(Collected data)
━━━━━━━━━━━━━━━━━━━━

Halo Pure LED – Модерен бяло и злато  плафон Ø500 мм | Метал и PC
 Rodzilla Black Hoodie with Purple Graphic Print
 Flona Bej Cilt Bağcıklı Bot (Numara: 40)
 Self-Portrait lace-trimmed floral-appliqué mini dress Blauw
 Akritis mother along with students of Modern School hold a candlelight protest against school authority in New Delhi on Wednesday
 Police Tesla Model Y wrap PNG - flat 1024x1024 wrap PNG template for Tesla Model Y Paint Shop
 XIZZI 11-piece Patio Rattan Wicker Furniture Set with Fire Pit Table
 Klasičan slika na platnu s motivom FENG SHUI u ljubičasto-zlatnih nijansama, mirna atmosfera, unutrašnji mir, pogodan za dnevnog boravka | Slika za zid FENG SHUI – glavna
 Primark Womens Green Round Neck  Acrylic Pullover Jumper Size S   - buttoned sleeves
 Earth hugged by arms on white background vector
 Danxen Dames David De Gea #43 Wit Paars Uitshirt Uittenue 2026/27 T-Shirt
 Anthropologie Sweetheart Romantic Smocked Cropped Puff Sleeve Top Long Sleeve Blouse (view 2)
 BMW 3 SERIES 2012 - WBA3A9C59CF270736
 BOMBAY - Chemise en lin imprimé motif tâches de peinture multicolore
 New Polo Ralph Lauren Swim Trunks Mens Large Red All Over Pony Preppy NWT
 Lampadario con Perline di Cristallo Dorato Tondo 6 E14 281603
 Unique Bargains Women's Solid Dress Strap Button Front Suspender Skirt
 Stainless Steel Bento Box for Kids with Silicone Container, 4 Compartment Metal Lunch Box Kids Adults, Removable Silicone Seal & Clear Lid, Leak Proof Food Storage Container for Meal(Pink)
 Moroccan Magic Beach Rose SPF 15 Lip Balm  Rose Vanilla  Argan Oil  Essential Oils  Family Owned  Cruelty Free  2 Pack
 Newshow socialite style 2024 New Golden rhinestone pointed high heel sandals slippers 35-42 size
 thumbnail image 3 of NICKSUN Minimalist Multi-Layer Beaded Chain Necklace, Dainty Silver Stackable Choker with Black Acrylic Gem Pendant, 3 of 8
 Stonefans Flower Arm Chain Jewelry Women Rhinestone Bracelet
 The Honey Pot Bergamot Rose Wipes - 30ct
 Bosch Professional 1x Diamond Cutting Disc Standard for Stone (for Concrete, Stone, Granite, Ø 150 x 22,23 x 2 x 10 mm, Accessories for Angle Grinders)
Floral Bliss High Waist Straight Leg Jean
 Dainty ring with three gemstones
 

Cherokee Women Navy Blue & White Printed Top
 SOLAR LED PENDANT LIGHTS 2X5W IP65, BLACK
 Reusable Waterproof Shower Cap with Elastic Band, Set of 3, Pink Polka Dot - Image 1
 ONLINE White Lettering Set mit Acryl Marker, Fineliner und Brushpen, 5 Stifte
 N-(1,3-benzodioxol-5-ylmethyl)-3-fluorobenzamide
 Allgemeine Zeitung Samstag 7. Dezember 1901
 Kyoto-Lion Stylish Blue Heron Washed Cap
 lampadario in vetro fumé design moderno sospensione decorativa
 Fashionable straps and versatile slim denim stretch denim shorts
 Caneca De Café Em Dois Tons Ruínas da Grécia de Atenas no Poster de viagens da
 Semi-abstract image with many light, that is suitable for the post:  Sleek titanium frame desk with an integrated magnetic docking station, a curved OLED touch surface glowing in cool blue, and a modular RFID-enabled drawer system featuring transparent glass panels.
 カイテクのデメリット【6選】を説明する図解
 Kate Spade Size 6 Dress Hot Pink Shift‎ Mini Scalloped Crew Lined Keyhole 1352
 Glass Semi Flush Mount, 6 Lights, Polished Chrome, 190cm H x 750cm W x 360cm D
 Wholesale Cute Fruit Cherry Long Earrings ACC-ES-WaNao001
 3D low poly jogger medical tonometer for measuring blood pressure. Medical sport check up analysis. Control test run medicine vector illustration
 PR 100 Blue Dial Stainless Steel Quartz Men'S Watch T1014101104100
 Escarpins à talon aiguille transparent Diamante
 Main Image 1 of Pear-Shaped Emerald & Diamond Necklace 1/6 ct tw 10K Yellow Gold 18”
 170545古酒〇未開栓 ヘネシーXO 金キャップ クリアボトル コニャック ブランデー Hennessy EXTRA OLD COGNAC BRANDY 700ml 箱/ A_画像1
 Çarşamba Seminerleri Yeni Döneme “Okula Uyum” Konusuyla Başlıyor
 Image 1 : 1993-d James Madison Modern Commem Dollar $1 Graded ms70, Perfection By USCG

━━━━━━━━━━━━━━━━━━━━

▶ **Your assignment**: Using the records above, restate word for word the lines from the one with "Bosch Professional 1x" through the one with "SOLAR LED PENDANT LIGHTS 2X5W IP65, BLACK", both included.

▶ **Completed exercise**:
 Bosch Professional 1x Diamond Cutting Disc Standard for Stone (for Concrete, Stone, Granite, Ø 150 x 22,23 x 2 x 10 mm, Accessories for Angle Grinders)
Floral Bliss High Waist Straight Leg Jean
 Dainty ring with three gemstones
 

Cherokee Women Navy Blue & White Printed Top
 SOLAR LED PENDANT LIGHTS 2X5W IP65, BLACK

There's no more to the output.